■ Exercise
Search the records below for the string "Paperback", and report each line that contains it.
*** Opening of Given records ***
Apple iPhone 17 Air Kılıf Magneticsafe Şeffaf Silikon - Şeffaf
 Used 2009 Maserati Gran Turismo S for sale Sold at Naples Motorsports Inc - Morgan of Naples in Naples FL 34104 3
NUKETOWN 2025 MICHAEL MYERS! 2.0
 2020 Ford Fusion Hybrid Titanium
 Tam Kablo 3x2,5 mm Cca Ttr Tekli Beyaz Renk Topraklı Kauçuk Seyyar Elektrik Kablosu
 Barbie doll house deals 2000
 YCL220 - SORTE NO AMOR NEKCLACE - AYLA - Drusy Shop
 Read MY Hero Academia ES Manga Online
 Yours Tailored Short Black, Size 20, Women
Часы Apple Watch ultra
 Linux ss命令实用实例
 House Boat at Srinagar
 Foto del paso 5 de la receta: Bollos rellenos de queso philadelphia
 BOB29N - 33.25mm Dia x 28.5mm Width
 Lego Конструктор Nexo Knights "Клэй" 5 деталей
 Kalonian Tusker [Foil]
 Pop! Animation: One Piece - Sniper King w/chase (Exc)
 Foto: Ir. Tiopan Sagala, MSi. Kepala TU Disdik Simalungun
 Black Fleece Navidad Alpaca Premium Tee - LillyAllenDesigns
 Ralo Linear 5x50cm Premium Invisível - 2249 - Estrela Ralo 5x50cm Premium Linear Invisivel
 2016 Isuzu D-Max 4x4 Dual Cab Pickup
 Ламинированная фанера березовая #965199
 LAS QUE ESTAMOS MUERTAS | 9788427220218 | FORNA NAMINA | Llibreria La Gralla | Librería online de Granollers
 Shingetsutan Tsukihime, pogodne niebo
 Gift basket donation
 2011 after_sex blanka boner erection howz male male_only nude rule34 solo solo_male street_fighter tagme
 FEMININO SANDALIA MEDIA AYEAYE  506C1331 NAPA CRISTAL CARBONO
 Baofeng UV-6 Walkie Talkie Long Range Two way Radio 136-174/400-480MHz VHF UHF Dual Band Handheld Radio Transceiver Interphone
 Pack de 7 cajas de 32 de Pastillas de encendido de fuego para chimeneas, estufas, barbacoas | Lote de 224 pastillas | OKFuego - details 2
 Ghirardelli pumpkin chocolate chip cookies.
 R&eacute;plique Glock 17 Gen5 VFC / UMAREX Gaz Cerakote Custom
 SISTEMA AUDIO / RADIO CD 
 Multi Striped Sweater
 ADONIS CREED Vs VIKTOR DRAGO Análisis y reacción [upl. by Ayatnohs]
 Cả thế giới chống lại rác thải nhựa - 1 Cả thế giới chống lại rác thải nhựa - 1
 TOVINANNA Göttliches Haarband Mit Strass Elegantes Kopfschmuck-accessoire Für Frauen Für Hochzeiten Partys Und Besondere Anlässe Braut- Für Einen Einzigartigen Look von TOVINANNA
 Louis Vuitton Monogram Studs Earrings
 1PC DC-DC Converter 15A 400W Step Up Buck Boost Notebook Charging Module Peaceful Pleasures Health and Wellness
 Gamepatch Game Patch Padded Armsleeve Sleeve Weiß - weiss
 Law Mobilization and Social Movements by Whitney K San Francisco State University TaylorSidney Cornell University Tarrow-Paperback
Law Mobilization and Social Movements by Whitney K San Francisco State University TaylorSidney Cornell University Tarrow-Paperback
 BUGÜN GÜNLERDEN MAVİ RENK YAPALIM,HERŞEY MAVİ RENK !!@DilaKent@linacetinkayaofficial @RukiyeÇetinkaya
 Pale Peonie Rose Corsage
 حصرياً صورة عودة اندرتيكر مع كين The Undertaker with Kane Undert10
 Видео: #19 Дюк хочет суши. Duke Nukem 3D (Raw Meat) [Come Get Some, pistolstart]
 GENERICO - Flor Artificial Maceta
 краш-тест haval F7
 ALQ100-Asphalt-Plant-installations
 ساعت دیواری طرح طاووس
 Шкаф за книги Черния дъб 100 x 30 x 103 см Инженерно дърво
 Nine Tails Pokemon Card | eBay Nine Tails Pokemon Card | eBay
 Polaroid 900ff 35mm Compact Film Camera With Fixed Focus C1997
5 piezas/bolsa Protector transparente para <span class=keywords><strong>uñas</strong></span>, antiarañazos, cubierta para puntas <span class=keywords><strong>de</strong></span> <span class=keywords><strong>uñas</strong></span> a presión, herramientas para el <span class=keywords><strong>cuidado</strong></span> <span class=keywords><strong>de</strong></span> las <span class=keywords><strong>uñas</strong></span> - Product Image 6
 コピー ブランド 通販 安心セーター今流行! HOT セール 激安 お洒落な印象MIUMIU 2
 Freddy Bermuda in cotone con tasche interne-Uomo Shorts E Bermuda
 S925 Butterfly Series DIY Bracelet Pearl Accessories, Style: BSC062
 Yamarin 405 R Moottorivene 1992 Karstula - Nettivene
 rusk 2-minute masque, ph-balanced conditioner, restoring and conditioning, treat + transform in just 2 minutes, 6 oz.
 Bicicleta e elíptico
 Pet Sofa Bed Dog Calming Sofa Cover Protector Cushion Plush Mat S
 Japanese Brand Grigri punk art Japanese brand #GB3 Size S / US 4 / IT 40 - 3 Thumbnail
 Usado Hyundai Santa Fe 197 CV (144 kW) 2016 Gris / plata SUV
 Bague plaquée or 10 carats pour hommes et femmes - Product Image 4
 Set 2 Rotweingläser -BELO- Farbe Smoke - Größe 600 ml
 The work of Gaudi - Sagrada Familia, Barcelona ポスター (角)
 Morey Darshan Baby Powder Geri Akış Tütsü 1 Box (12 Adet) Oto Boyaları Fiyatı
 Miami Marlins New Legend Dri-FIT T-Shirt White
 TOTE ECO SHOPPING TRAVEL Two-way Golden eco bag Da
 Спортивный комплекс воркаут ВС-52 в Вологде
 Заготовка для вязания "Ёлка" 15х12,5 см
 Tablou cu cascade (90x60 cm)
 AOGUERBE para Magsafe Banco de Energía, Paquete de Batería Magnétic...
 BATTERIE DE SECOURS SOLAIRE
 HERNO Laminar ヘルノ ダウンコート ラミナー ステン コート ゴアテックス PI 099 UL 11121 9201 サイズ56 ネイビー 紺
*** Close of Given records ***
■ Output below
 Law Mobilization and Social Movements by Whitney K San Francisco State University TaylorSidney Cornell University Tarrow-Paperback
Law Mobilization and Social Movements by Whitney K San Francisco State University TaylorSidney Cornell University Tarrow-Paperback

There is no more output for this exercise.